Josep Pla. La mejor prosa del siglo XX es la de Josep Pla (1897-1981). Grafómano brutal (45 volúmenes de Obra completa), escribió sobre todo y sobre nada, por el placer de escribir. Incómodo y bellísimo. Desconfiado, viajero, diletante, comodón, trabajador, preocupado por el dinero... es el paradigma de la literatura catalana. Pasen a Samuel Pepys por el chino, cuézanlo con Anthony Powell, añádanle mar y tramontana; sazonen al gusto con Montaigne.
Llorenç Villalonga (1897-1980), mallorquín señorial de la estirpe de Lampedusa.
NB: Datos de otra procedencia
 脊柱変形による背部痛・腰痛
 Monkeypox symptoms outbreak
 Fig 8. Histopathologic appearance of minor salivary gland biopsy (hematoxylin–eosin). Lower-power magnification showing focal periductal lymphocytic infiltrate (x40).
Enamorado del Siglo de las Luces y de la belleza algo árida de Mallorca. Admirador de Voltaire y de Proust, creó con sus novelas el mito de Bearn.
Aurora Bertrana. Una mina de oro: Aurora Bertrana (1899-1974). Violonchelista de café concert y de jazz band. Cruzó Europa en sidecar (y acabó en una cuneta), vivió en la Polinesia, exploró sola algún burdel de Marruecos. También escribió novelas, cuentos, relatos de viaje y unas extraordinarias memorias. Otra Freya Stark.
Supervivientes. Muchos representantes de la intelectualidad europeísta y liberal contribuyeron en Cataluña a la supervivencia digna bajo la dictadura y a un diálogo constante y abierto. Marià Manent (1898-1998), Tomàs Garcés (1901-1993) y Joan Teixidor (1913-1992) son poetas, dietaristas, traductores. En la poesía popularista de Garcés, los ensayos literarios de Manent o las pequeñas prosas escritas por Teixidor, siempre hallamos pequeñas joyas.
Mercè Rodoreda (1908-1993). Sacrificó su vida a la escritura (y a las flores). La plaça del diamant, Mirall trencat o sus Contes pertenecen a la liga de Virginia Woolf o Katherine Mansfield. Precisión por la imagen y el detalle. Jardí vora el mar, menos conocido, supera con creces El gran Gatsby. Si se la pudiese transformar en teatro, sería puro Chéjov.
Pere Calders. Habría que sumar Gómez de la Serna y Saki y rociarlos con algo de la amargura surreal de Buñuel para describir la narrativa ácida, humorística y corrosiva de Pere Calders (1912-1994), que pasó más de veinte años exiliado en México. Antaviana, con música de Jaume Sisa, marcó un hito en la recuperación de su obra.